- District offices

Address
- 124 Willow Drive Little Silver, Monmouth County, New Jersey, 07739 United States
- Coordinates: 40°19′58″N 74°02′29″W﻿ / ﻿40.332788°N 74.041401°W

District information
- Grades: pre-K to 8
- Superintendent: Eric Platt
- Business administrator: Caryn Anderson
- Schools: 2

Students and staff
- Enrollment: 776 (as of 2021–22)
- Faculty: 77.8 FTEs
- Student–teacher ratio: 10.0:1

Other information
- District Factor Group: J
- Website: www.littlesilverschools.org
| Ind. | Per pupil | District spending | Rank (*) | K-8 average | %± vs. average |
| 1A | Total Spending | $17,078 | 38 | $18,891 | −9.6% |
| 1 | Budgetary Cost | 12,657 | 20 | 14,159 | −10.6% |
| 2 | Classroom Instruction | 7,638 | 16 | 8,659 | −11.8% |
| 6 | Support Services | 1,965 | 35 | 2,167 | −9.3% |
| 8 | Administrative Cost | 1,469 | 30 | 1,547 | −5.0% |
| 10 | Operations & Maintenance | 1,337 | 24 | 1,612 | −17.1% |
| 13 | Extracurricular Activities | 107 | 53 | 104 | 2.9% |
| 16 | Median Teacher Salary | 60,465 | 35 | 61,136 |
Data from NJDoE 2014 Taxpayers' Guide to Education Spending. *Of K-8 districts with more than 750 students.
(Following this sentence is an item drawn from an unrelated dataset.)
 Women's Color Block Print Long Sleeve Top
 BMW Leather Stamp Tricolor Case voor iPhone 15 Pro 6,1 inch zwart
Lowest spending=1; Highest=84

= Little Silver School District =

Public school district in Monmouth County, New Jersey, US

The Little Silver School District is a community public school district that serves students in pre-kindergarten through eighth grade from Little Silver, in Monmouth County, in the U.S. state of New Jersey.

As of the 2021–22 school year, the district, comprised of two schools, had an enrollment of 776 students and 77.8 classroom teachers (on an FTE basis), for a student–teacher ratio of 10.0:1.
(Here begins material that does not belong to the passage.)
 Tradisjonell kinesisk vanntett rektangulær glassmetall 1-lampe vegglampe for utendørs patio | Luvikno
The district is classified by the New Jersey Department of Education as being in District Factor Group "J", the-highest of eight groupings. District Factor Groups organize districts statewide to allow comparison by common socioeconomic characteristics of the local districts. From lowest socioeconomic status to highest, the categories are A, B, CD, DE, FG, GH, I and J.

For ninth through twelfth grades, students attend Red Bank Regional High School, which serves students from the boroughs of Little Silver, Red Bank and Shrewsbury, along with students in the district's academy programs from other communities who are eligible to attend on a tuition basis. Students from other Monmouth County municipalities are eligible to attend the high school for its performing arts program, with admission on a competitive basis. The borough has two elected representatives on the nine-member board of education. As of the 2021–22 school year, the high school had an enrollment of 1,247 students and 117.8 classroom teachers (on an FTE basis), for a student–teacher ratio of 10.6:1.

==Schools==
Schools in the district (with 2021–22 enrollment data from the National Center for Education Statistics) are:
- Elementary school
- Point Road School with 393 students in grades PreK-4
  - Kathleen Stigliano, principal
- Middle school
- Markham Place School with 380 students in grades 5-8
  - Anthonio Pepe, principal

==Administration==
Core members of the district's administration are:
- Eric Platt, superintendent
- Caryn Anderson, business administrator and board secretary

==Board of education==
The district's board of education, comprised of seven members, sets policy and oversees the fiscal and educational operation of the district through its administration. As a Type II school district, the board's trustees are elected directly by voters to serve three-year terms of office on a staggered basis, with either two or three seats up for election each year held (since 2012) as part of the November general election. The board appoints a superintendent to oversee the district's day-to-day operations and a business administrator to supervise the business functions of the district.